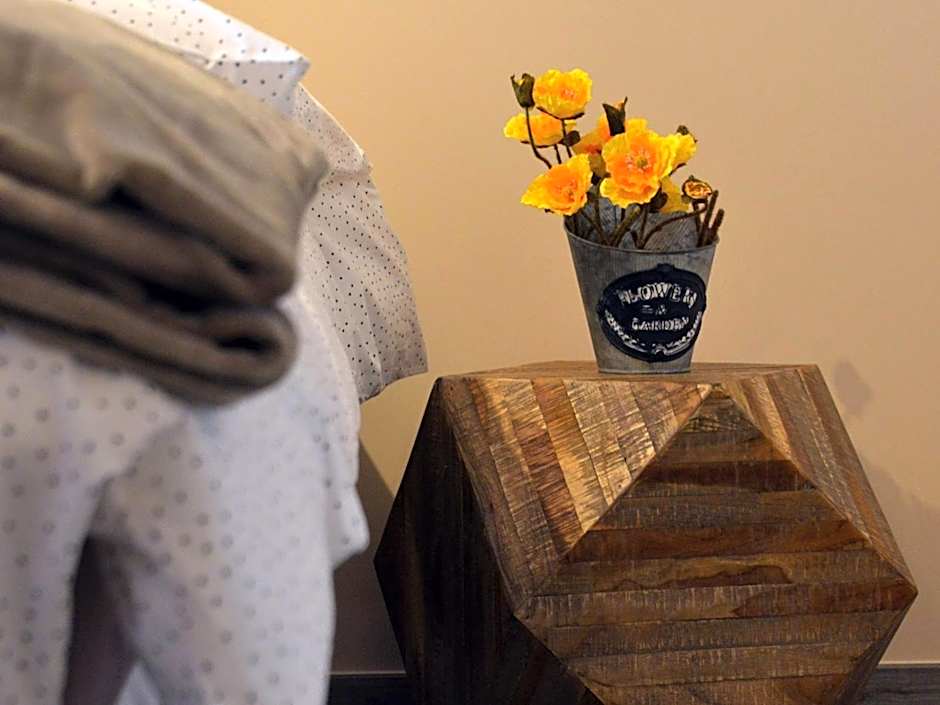 Le MOULIN des CHARTREUX - 1733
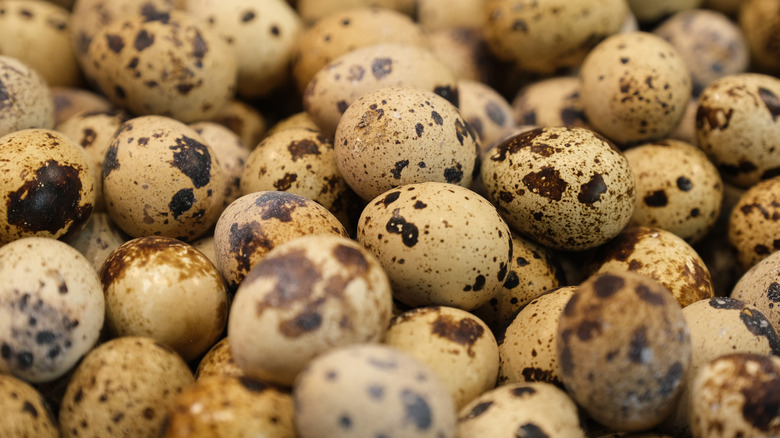 pile of quail eggs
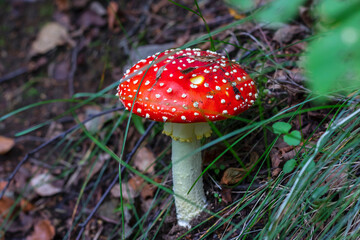 Red fly agaric (Amanita muscaria) in the grass in the autumn forest. A poisonous mushroom growing in the forest.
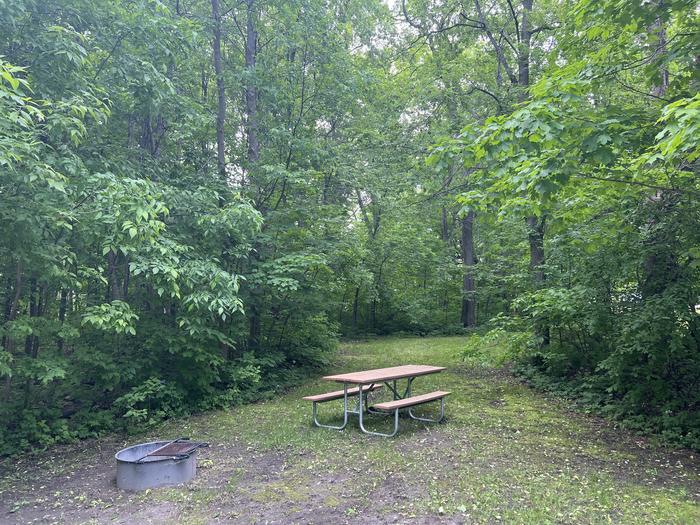 A photo of Site 002 of Loop STON at STONY POINT with Picnic Table, Electricity Hookup, Fire Pit, Shade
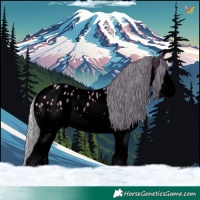 Horse Color:Void Watercolor White Spotted Silver Amber Champagne Dun Splash Appaloosa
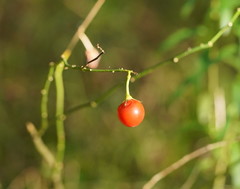 Solanum pseudocapsicum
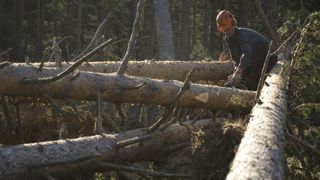 Les tempêtes Lothar, Martin en 1999 et Klaus en 2009 ont impacté les peuplements forestiers. © Georges Bartoli Les tempêtes Lothar, Martin en 1999 et Klaus en 2009 ont impacté les peuplements forestiers. © Georges Bartoli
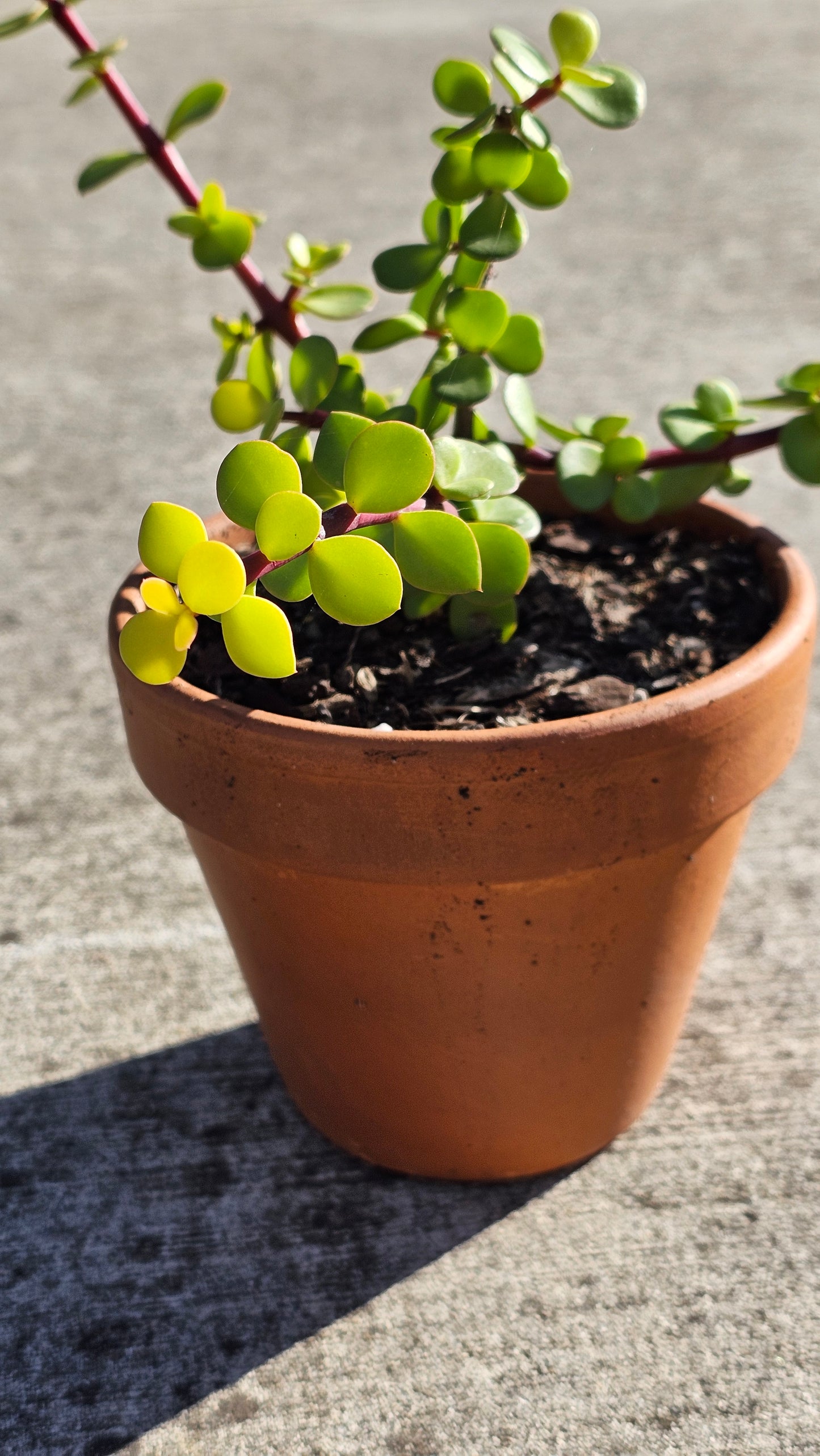 Medium Potted Succulent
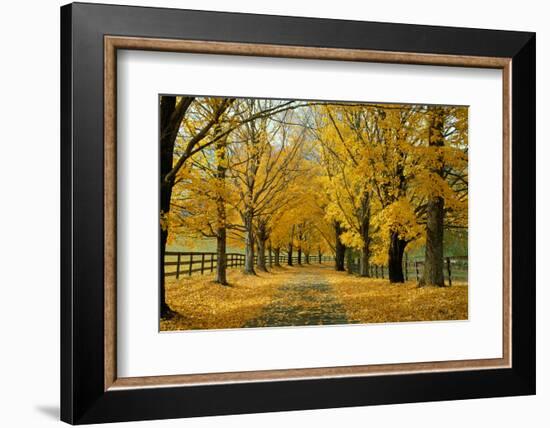 Autumn Trees near Waynesboro Virginia USA-null-Framed Photographic Print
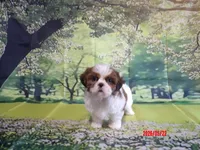 Boogie, a male Shih Tzu for sale in Wentworth, MO – 3 of 4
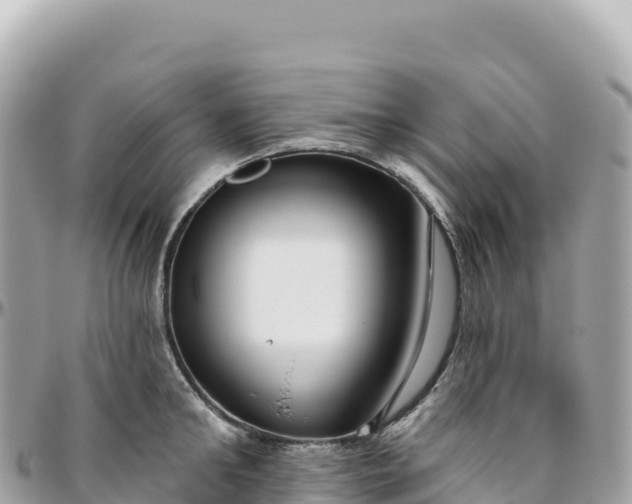 X0000095880902200801251137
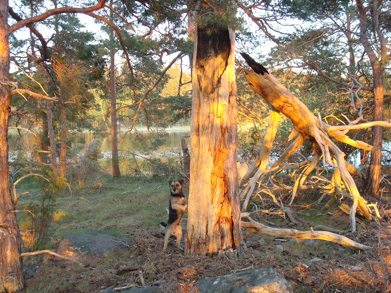 Walter – 60° pohjoista leveyttä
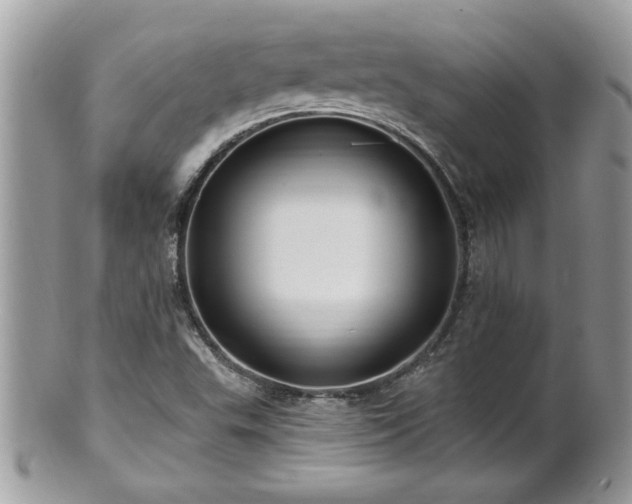 X0000100971503200807011409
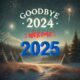 Goodbye 2024 Welcome 2025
***
-- Directions for this task --
Exact reproduction is required. Output only the lines from the one with "X0000095880902200801251137" through the end of the listing above, both ends included, and no pictures.

-- Reply --
 X0000095880902200801251137
 Walter – 60° pohjoista leveyttä
 X0000100971503200807011409
 Goodbye 2024 Welcome 2025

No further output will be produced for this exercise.